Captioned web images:
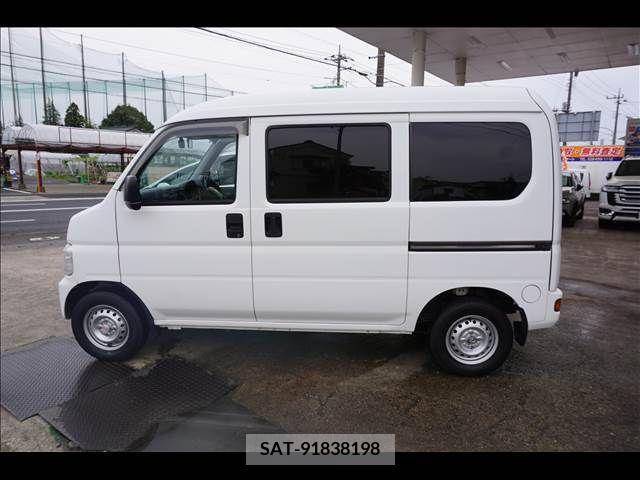 Honda ACTY VAN 2015-09 274219-17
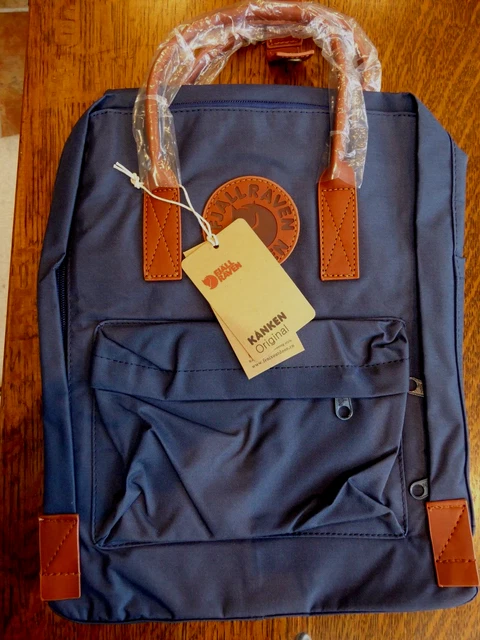 SAC DOS Fjallraven sac dos authentique Fjallraven Kanken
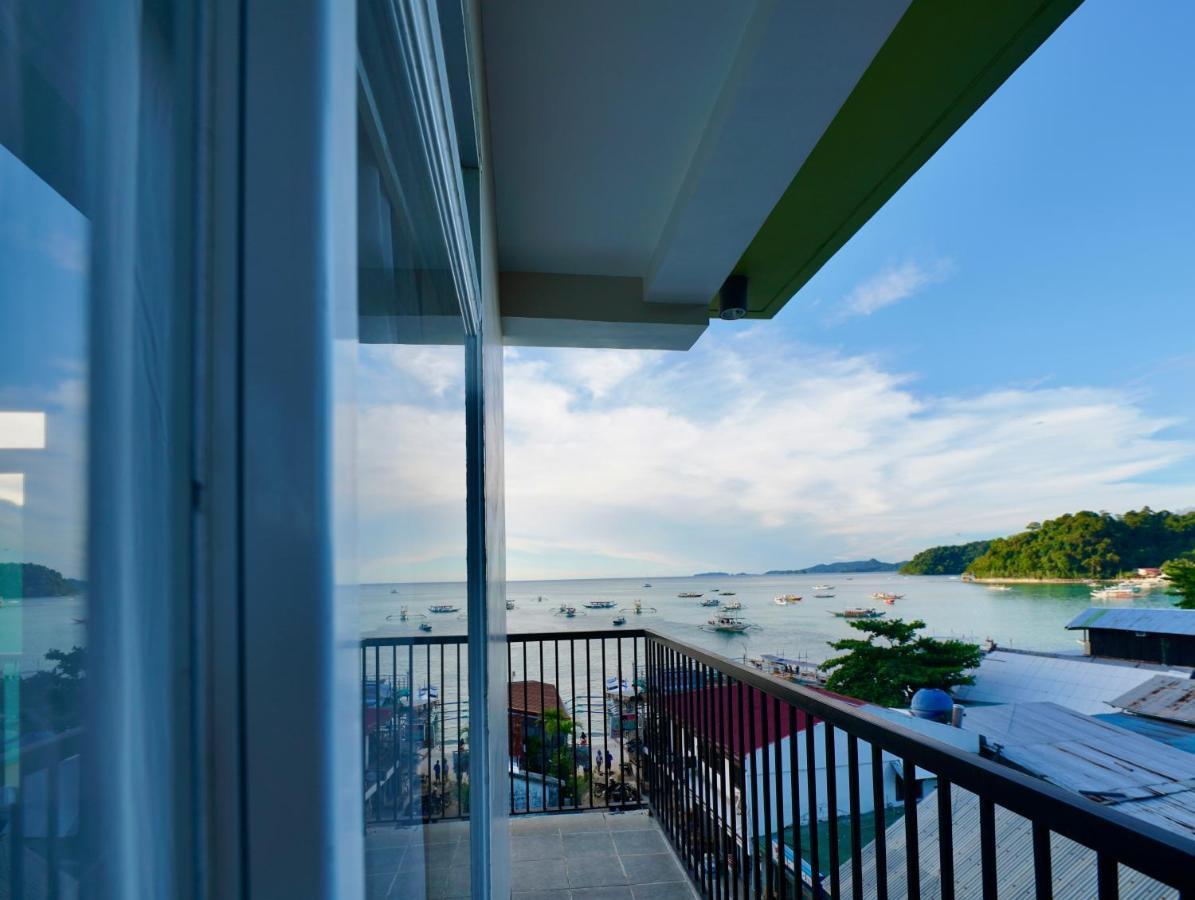 S Resort El Nido Managed By H Hospitality Group Exterior photo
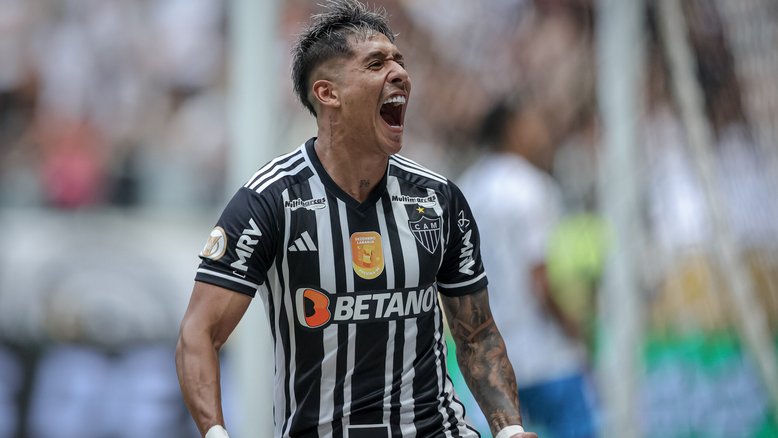 Com a vitória, o Atlético chegou a 60 pontos, se consolidando na briga pelo G-4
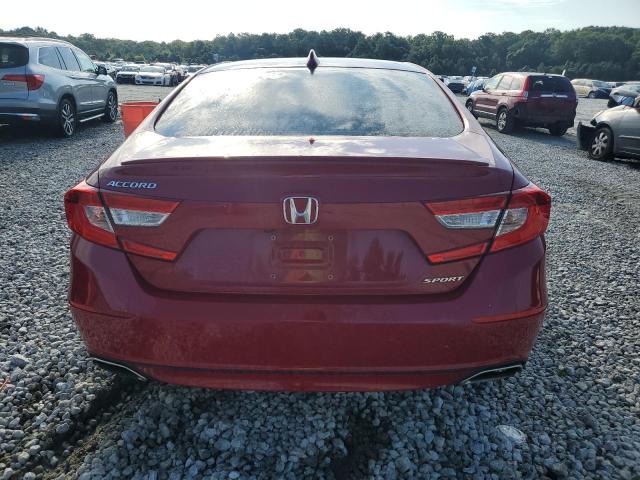 2018 HONDA ACCORD SPO 1HGCV1F3XJA221706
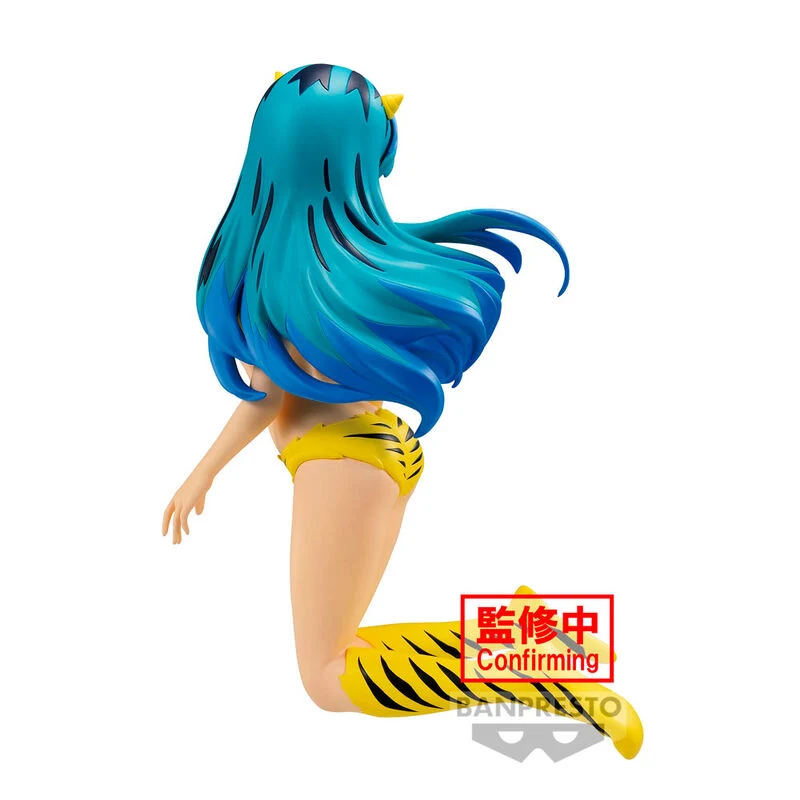 Figura Lum 2 - Urusei Yatsura Relax Time 14cm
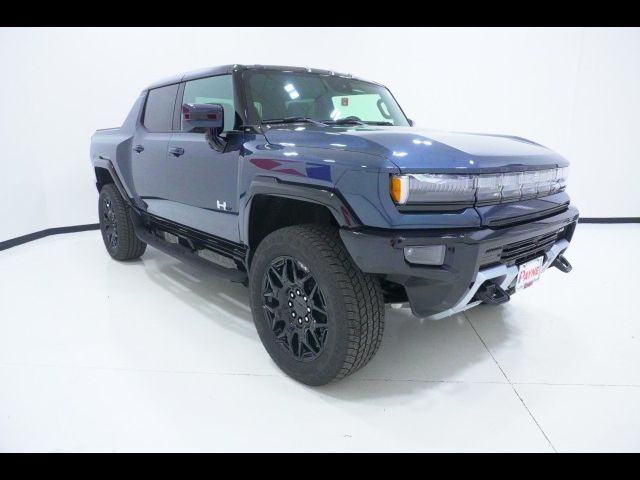 2025 GMC HUMMER EV Pickup 2X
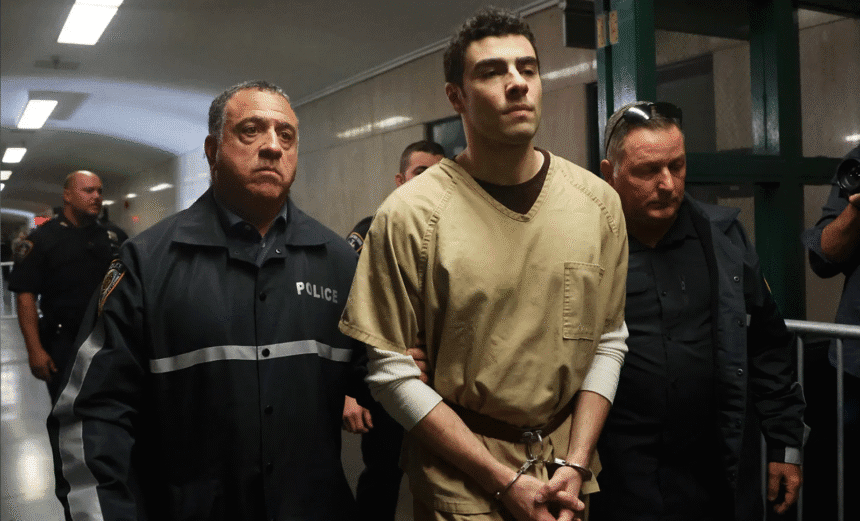 luigi mangione case terror counts dropped - washington eye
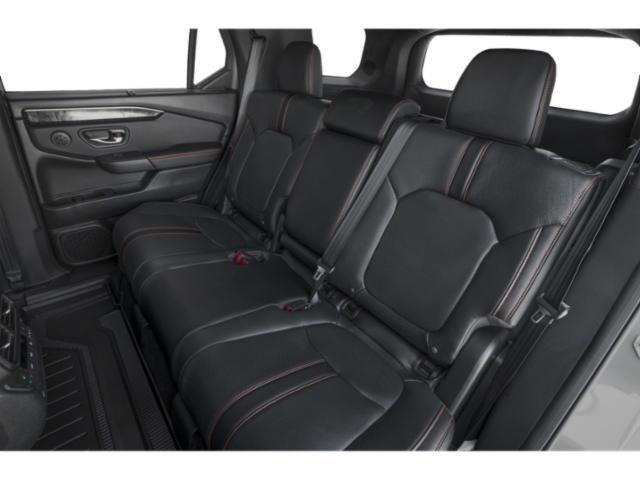 new 2026 Honda Passport car, priced at $54,435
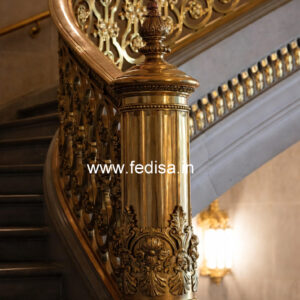 Modern Steel And Glass Railing Ideas No-34945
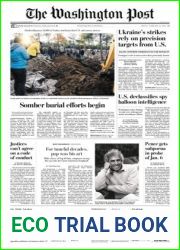 The Washington Post - February 10, 2023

◆ **EXERCISE DETAILS**:
Word for word, print every record, and leave out any picture.

◆ **EXERCISE SOLUTION**:
 Honda ACTY VAN 2015-09 274219-17
 SAC DOS Fjallraven sac dos authentique Fjallraven Kanken
 S Resort El Nido Managed By H Hospitality Group Exterior photo
 Com a vitória, o Atlético chegou a 60 pontos, se consolidando na briga pelo G-4
 2018 HONDA ACCORD SPO 1HGCV1F3XJA221706
 Figura Lum 2 - Urusei Yatsura Relax Time 14cm
 2025 GMC HUMMER EV Pickup 2X
 luigi mangione case terror counts dropped - washington eye
 new 2026 Honda Passport car, priced at $54,435
 Modern Steel And Glass Railing Ideas No-34945
 The Washington Post - February 10, 2023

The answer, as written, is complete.